Nous prévoyons une croissance du segment des vins et spiritueux de 5 % à mi-cycle, tirée par une combinaison égale d’augmentations de volume et de mix/prix, bénéficiant de la tendance à la premiumisation de l’alcool et de la pénétration croissante du Champagne sur les marchés internationaux. Nous nous attendons à ce que les marges soient relativement stables dans ce segment, entre 30 et 32 ​​%, avec une certaine volatilité cyclique car le produit des augmentations de prix est réinvesti dans le marketing.
Nous attendons une croissance de 4 à 5 % sur 10 ans pour la division parfums et cosmétiques.
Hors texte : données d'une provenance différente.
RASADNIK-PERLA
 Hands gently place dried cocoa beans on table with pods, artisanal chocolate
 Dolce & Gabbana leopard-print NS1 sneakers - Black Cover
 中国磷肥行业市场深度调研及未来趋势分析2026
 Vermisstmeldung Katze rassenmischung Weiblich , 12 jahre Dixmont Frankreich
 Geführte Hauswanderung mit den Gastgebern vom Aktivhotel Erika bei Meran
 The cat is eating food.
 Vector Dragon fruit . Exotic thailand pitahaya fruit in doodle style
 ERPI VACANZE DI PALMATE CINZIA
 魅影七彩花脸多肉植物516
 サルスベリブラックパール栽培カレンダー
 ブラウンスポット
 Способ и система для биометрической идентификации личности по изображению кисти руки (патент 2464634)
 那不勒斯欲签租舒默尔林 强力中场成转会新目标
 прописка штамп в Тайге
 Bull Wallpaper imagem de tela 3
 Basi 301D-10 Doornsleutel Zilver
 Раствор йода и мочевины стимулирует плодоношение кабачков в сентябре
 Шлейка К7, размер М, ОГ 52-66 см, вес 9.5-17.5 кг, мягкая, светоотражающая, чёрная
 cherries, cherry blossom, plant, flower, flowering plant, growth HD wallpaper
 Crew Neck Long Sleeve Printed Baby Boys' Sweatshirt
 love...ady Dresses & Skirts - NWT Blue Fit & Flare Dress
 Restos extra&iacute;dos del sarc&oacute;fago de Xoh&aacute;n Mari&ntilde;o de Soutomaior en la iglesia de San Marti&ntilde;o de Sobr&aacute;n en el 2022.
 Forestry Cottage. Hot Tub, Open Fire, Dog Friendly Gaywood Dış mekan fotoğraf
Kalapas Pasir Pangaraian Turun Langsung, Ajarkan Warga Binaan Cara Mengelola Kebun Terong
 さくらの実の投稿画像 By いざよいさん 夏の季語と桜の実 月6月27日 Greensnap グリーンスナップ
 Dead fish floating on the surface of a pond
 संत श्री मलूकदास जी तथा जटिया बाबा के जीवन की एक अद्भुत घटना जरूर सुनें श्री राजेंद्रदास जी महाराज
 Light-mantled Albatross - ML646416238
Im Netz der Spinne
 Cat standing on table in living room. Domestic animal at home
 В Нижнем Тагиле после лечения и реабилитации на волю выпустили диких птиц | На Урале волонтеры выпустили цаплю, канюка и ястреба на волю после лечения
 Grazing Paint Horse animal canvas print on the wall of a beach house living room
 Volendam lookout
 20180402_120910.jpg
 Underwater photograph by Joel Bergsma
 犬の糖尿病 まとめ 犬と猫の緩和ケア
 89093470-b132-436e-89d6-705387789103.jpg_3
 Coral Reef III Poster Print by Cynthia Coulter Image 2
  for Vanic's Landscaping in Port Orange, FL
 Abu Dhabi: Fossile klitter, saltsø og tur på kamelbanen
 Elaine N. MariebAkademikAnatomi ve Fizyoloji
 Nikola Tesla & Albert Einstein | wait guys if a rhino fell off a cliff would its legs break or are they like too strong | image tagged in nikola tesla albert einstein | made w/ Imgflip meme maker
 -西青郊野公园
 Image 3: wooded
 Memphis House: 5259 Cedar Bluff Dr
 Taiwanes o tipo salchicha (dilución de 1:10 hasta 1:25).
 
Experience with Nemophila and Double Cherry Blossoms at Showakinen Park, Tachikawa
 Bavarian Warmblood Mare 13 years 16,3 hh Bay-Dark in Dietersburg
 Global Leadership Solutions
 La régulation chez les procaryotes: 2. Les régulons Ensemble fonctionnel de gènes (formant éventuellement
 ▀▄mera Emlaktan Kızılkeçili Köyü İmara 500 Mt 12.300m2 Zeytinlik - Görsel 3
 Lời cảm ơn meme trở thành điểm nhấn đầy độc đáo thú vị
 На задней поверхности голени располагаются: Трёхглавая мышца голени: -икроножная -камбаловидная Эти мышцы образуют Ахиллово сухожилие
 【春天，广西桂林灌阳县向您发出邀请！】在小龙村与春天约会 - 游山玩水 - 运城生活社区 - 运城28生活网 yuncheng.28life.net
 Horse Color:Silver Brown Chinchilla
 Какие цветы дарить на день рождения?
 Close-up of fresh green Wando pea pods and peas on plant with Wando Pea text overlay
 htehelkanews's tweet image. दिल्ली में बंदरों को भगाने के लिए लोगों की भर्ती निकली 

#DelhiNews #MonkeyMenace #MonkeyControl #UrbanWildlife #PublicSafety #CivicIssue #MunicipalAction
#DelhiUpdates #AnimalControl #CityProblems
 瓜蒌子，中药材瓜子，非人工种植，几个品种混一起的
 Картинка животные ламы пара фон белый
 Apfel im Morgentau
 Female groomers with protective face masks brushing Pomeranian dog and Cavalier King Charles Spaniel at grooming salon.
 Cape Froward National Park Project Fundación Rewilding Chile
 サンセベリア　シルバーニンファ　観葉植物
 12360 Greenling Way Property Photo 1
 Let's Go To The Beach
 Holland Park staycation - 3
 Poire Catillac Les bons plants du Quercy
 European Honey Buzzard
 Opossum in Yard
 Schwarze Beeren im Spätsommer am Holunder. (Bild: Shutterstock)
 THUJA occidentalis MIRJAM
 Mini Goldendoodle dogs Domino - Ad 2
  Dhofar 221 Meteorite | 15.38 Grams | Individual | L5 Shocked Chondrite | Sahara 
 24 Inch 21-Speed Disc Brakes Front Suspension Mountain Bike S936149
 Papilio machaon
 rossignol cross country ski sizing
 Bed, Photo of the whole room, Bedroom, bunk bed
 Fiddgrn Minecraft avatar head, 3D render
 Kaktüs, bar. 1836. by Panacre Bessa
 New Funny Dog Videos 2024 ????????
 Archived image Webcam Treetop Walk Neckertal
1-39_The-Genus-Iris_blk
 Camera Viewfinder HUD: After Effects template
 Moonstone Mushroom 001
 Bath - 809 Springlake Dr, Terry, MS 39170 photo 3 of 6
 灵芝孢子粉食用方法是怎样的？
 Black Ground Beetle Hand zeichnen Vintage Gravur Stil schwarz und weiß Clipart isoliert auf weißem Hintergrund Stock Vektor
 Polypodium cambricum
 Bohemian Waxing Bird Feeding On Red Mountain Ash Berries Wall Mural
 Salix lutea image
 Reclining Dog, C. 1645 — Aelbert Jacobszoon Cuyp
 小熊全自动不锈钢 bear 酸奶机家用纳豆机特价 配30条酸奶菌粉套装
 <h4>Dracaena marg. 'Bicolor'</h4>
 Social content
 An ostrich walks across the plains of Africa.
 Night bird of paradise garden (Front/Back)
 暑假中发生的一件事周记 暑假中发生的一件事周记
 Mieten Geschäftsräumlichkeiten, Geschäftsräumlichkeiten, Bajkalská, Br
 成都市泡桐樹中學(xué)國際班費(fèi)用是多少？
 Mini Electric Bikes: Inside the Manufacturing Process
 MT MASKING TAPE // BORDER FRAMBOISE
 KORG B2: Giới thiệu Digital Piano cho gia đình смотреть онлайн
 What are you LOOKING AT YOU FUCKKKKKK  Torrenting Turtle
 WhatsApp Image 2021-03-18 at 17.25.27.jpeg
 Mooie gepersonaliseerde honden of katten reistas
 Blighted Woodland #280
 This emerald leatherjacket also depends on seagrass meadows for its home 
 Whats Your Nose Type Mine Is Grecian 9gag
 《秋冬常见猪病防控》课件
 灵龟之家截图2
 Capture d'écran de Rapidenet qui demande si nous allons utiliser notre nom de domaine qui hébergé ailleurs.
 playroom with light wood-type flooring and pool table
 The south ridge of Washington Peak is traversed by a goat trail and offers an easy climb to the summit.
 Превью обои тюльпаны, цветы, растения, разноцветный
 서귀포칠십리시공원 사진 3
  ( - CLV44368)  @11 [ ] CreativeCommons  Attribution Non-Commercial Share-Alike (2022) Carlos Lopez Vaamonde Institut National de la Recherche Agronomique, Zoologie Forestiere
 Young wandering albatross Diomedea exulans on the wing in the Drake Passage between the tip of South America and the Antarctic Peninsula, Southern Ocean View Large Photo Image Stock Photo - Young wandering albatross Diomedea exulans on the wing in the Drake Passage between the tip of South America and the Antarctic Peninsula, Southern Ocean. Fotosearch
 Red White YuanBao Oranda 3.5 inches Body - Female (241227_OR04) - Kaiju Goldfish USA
Nous nous attendons à ce que les marges dans ce segment approchent les 14 %, ce qui reste inférieur à celui des leaders de l’industrie de la beauté, compte tenu du mix de produits, de la taille réduite, des investissements de croissance et de la valeur de marque inférieure de certaines marques.
Nous pensons que la vente au détail sélective devrait croître de 5 %, grâce à la solide croissance de Sephora et à la reprise des marchés du travel retail. »
Rempart concurrentiel de LVMH
« Nous pensons que les caractéristiques commerciales qui soutiennent les prédominances des marques dans l’industrie du luxe en général sont : l’historique du pouvoir de fixation des prix, la visibilité de la consommation, la valeur d’investissement des produits de l’entreprise et le contrôle sur la distribution.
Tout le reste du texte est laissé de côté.